Activity
Please return the data that follows precisely as written, but without the images.

Information provided
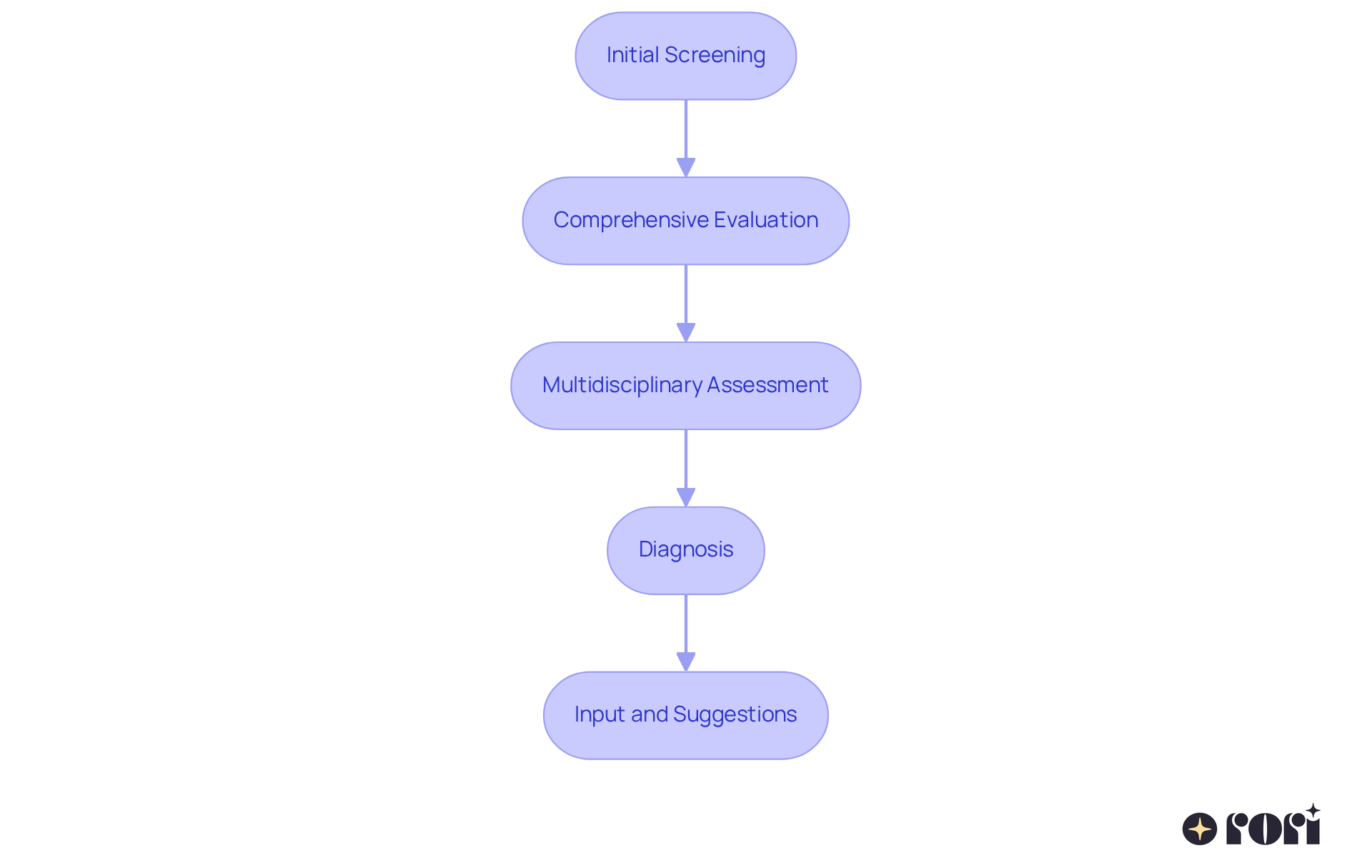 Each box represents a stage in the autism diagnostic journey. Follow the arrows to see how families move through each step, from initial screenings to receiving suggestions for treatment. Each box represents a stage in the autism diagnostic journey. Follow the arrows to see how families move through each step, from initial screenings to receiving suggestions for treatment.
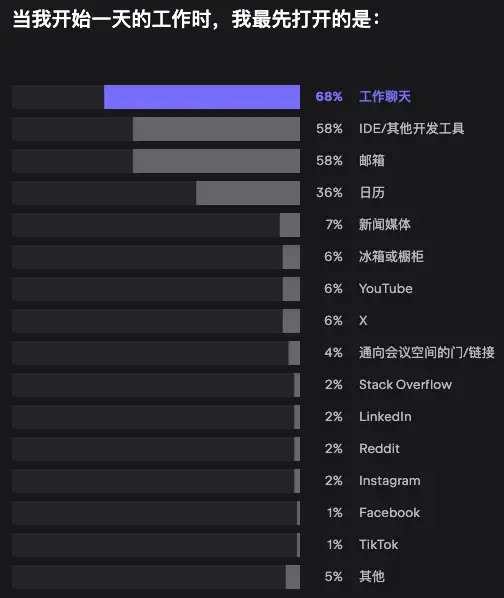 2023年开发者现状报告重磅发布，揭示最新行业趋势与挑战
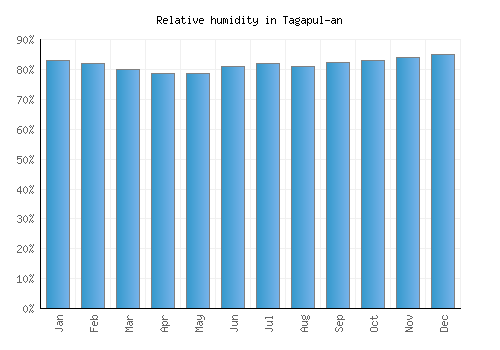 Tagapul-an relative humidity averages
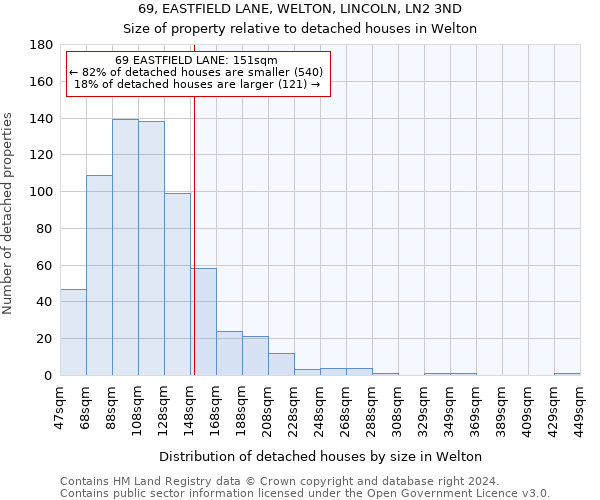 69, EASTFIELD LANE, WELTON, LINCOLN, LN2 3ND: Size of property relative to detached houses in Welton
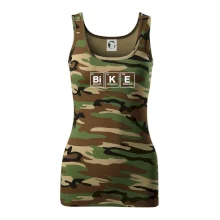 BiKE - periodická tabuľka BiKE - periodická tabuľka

Answer box
 Each box represents a stage in the autism diagnostic journey. Follow the arrows to see how families move through each step, from initial screenings to receiving suggestions for treatment. Each box represents a stage in the autism diagnostic journey. Follow the arrows to see how families move through each step, from initial screenings to receiving suggestions for treatment.
 2023年开发者现状报告重磅发布，揭示最新行业趋势与挑战
 Tagapul-an relative humidity averages
 69, EASTFIELD LANE, WELTON, LINCOLN, LN2 3ND: Size of property relative to detached houses in Welton
 BiKE - periodická tabuľka BiKE - periodická tabuľka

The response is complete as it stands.